**MATERIALS PROVIDED**

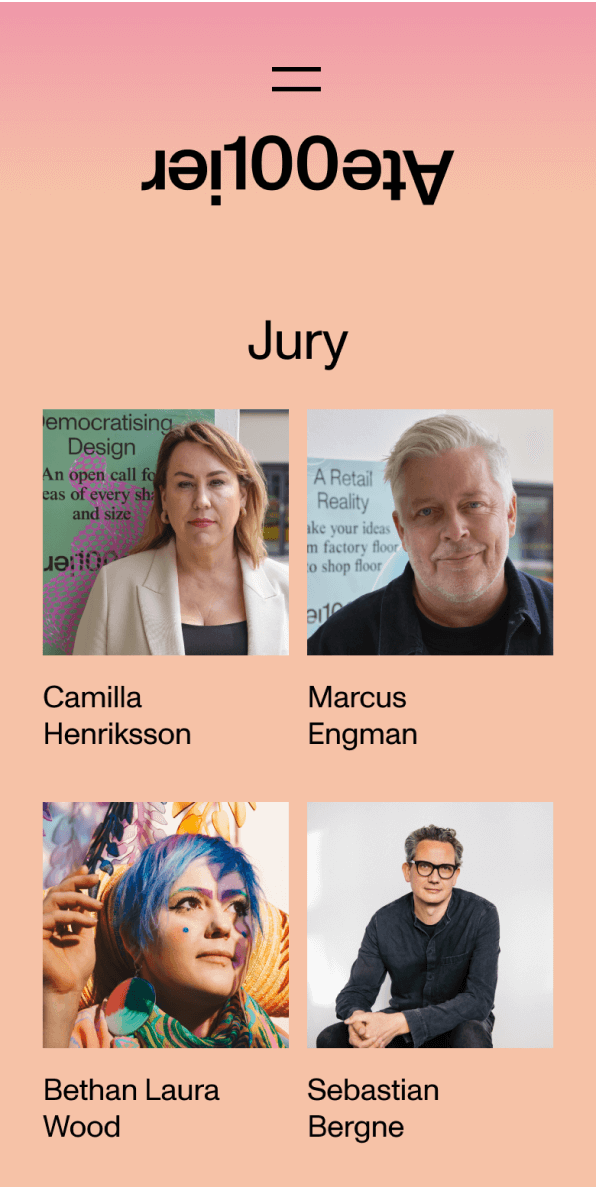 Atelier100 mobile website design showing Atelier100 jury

---

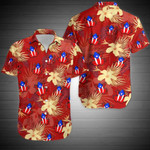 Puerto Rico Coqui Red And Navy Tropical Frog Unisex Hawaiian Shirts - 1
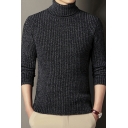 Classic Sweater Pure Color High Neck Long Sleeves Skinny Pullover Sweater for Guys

==

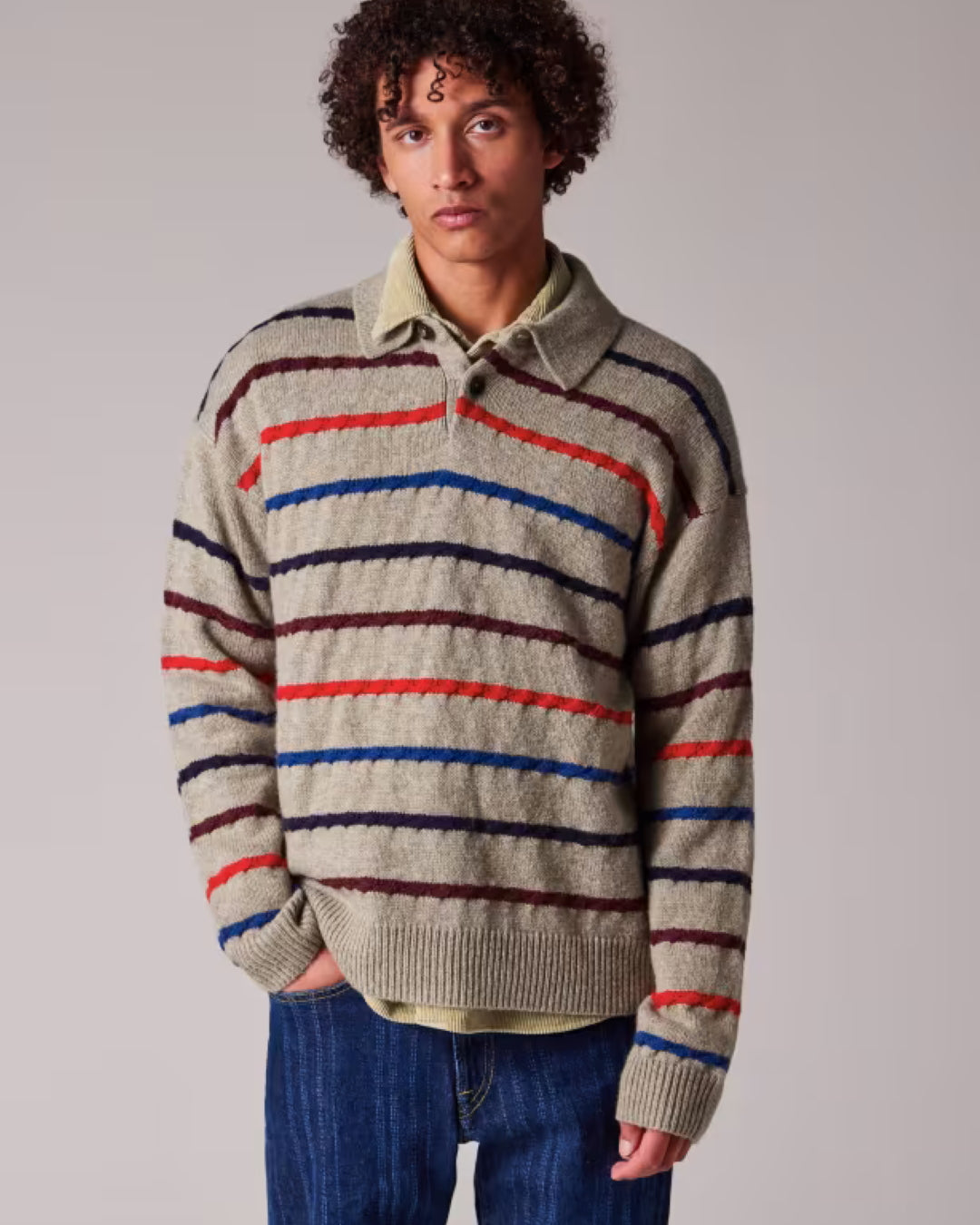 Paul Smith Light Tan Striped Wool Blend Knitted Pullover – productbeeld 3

**TRY IT**
From the records above, extract the lines from the one holding "Puerto Rico Coqui" through the one holding "Classic Sweater Pure", word for word; omit the pictures.

**OUTPUT OF THE TASK**
 Puerto Rico Coqui Red And Navy Tropical Frog Unisex Hawaiian Shirts - 1
 Classic Sweater Pure Color High Neck Long Sleeves Skinny Pullover Sweater for Guys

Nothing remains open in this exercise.